Laying the roadmap ahead of the Budget, it prescribed elimination of all cesses and surcharges, including Fringe Benefit Tax, a new Income Tax Code, 49 per cent FDI in insurance and defence sectors and ending the state monopoly in running trains, nuclear plants and coal mining.
Free from the pressures of the Left parties that it faced in the last five years, the Manmohan Singh government has already announced high priority for financial sector reforms and disinvestment, which according to the Survey should have a target of mobilising Rs 25,000 crore annually.
The Survey, presented by Finance Minister Pranab Mukherjee in Parliament, also suggested that government allow FDI in multi-brand retail and raise foreign direct investment in insurance and banking.

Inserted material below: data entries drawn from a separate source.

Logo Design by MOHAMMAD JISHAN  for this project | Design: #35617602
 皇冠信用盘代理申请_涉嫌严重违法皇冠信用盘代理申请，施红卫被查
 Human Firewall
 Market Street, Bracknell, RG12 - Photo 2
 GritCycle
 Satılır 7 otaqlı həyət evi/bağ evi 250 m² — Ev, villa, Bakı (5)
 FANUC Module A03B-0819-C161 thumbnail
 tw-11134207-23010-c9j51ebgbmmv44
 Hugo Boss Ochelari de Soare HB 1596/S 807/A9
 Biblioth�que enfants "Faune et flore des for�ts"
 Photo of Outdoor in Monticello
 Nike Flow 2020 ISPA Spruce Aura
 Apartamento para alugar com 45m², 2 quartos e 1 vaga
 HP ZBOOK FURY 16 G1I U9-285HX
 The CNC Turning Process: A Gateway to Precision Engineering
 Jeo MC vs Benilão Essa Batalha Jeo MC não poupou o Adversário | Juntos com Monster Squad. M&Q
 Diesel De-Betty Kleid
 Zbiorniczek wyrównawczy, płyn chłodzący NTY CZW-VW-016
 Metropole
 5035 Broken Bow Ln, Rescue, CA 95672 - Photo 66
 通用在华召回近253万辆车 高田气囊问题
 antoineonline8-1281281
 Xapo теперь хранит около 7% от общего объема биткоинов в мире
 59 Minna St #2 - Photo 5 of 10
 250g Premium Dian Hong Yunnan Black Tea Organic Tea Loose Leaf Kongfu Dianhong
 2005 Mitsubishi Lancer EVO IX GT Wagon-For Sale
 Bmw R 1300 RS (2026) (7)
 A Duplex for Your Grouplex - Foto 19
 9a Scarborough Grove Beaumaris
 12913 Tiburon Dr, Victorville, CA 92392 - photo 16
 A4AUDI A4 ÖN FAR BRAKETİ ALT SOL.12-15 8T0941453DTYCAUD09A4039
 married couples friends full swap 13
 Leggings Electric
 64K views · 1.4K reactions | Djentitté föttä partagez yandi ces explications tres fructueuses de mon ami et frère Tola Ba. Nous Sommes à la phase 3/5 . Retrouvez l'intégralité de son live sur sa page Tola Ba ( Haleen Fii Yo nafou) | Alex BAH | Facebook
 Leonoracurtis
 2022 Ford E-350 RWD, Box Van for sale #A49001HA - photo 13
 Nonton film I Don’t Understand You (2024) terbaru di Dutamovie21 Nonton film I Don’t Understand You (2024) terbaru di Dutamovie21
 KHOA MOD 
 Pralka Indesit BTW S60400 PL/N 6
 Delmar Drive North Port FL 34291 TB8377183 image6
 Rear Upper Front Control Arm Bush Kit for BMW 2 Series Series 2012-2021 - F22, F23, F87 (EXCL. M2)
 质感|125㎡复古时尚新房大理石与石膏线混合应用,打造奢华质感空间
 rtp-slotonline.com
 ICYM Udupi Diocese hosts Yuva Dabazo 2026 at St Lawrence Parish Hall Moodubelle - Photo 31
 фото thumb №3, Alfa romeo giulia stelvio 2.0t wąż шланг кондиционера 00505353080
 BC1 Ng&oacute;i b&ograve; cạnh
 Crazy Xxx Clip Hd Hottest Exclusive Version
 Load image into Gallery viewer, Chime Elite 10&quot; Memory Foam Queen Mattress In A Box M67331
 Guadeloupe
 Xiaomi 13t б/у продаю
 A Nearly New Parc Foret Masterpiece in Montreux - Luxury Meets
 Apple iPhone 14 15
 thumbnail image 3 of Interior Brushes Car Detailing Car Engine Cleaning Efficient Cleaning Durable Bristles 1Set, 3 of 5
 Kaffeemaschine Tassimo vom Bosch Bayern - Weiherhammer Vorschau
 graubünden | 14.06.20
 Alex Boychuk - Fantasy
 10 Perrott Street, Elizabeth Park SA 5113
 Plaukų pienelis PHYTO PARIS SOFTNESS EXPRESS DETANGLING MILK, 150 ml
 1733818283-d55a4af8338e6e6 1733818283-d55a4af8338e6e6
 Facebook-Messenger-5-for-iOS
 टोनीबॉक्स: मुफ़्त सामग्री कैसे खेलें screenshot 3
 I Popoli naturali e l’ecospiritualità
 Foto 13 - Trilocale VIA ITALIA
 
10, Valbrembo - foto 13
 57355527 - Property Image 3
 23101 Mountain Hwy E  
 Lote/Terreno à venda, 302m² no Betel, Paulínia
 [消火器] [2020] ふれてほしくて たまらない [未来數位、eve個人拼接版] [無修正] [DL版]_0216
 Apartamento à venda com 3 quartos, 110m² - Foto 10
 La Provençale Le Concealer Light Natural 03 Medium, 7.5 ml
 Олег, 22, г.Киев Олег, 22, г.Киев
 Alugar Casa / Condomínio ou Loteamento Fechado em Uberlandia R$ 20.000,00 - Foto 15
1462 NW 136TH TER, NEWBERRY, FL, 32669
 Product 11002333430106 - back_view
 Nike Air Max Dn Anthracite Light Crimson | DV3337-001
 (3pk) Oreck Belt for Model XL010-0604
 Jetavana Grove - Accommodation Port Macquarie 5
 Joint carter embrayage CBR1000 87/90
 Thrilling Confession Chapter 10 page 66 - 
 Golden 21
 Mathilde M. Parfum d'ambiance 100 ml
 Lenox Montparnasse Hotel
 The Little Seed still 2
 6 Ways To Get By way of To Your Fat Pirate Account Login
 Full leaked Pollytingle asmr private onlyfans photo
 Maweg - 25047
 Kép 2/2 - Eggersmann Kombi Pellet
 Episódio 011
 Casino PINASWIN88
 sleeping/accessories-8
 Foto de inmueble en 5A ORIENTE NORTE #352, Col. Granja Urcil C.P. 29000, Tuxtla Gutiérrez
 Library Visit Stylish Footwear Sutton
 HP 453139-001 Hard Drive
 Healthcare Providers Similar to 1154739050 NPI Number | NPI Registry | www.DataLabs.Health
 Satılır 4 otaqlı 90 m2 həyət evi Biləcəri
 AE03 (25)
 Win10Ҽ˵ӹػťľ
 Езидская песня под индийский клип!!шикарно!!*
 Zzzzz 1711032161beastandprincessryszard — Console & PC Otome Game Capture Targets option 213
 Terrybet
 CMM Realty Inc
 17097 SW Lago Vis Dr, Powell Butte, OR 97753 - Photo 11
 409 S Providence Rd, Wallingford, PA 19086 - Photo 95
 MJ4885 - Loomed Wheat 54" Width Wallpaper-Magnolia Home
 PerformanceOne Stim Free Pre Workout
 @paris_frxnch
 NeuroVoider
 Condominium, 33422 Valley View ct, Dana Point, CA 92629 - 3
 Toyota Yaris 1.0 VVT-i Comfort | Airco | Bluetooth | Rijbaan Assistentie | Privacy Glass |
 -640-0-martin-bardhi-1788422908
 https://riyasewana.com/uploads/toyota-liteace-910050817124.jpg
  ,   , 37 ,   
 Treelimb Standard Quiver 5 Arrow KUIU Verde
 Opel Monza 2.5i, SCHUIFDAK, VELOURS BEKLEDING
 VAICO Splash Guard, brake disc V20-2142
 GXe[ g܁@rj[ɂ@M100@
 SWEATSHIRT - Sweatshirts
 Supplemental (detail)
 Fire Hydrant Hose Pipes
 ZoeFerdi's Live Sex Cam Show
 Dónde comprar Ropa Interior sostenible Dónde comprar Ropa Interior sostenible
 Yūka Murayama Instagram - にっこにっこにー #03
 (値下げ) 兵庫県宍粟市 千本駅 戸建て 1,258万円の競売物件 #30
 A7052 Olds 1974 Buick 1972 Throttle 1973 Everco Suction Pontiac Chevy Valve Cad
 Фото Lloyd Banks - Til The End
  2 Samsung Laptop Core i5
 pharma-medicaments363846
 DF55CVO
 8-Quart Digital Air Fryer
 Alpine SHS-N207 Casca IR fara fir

Stating that the worst of the global meltdown was behind, the Survey, presented in Parliament, said that a growth of up to 7.5 per cent was possible during the current fiscal but cautioned that financial investors could be manipulating global oil and commodity prices.
The economy grew by 6.7 per cent in 2008-09, pulled down by slower expansion of 5.8 per cent in the second half of the fiscal in the face of the global crisis.